In early March, the dining department at the University of Texas at Austin had a chance for some major media coverage when FOX News featured it in a TV news report (you can view it here).
UT-Austin began testing the new waste dehydration technology in September as part of its broader sustainability programs, according to Associate Director Scott Meyer.
“It is all about the life long learning experience we provide to our students,” says Meyer. “Students really want to improve the environment and the dining programs is a very visible place where they can see they are having an impact.
The “eCorect” waste dehydrator that makes this initiative possible was first introduced to the U.S. last year by Somat, a commercial foodservice equipment supplier. Somat has licensed exclusive U.S. marketing rights to the technology from a South Korean company which owns the patents to it and makes the actual equipment. (Somat already is a leading producer of pulping equipment which is often integrated with warewashing machines to reduce food waste volume).
Commercial food pulpers typically grind up plate scrapings and food and disposable waste, reducing overall volume by as much as 80 percent and weight by about half. The eCorect machines use heat and mechanical agitation to make this pulp waste decompose into a dry, soil-like substance, reducing its volume and weight by an additional 80 percent or more in under 24 hours (click here to see a demonstration).
The end product is sterile and odor-free and can be used as a soil “amendment” in landscaping. (It may also be used as an ingredient in animal feed and may have other similar applications). An added environmental benefit: the process does not create any of the “greenhouse” methane gas that is typically produced when food waste decomposes in an anerobic landfill environment.
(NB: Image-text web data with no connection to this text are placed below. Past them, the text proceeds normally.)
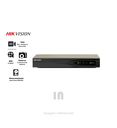 NVR Hikvision DS-7608NI-Q1 de 8 canales, hasta 8MP, 1 SATA, 80 Mbps, negro.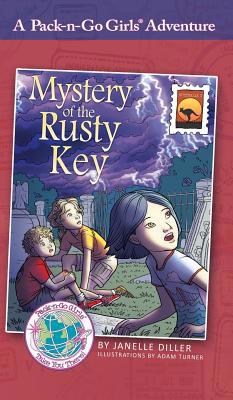 Mystery of the Rusty Key: Australia 2 1936376598 Book Cover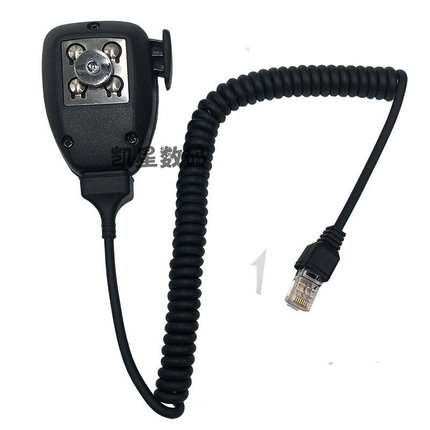 。8芯车台手咪 适合建伍电台 TM-271/471/281a/481 车载对讲机手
“One of our staff members, Rene Rodriguez, saw this equipment at a conference last year and worked out a deal with the manufacturer so we could test it on our campus,” Meyer says. “It’s located in one of our resident dining halls and only handles a portion of the volume there.”
Based on the test, Meyer’s department has agreed to purchase the first unit now and hopes to purchase a second next fall. That will handle the full volume of waste at one dining hall, “but if we wanted to handle all of the food waste on the campus, it would require several more units,” he adds. The output will be used in the campus’ landscaping program.
The dehydrator units come in several sizes (the model used at UT-Austin is capable of processing between 110-220 pounds of food waste a day). They recycle water and heat and do not require water or venting for operation, although a condensate drain is necessary.
The units are not inexpensive—one that size costs between $25-30,000. However, especially in areas with high hauling and landfill tipping fees, paybacks are estimated to occur in four years or less.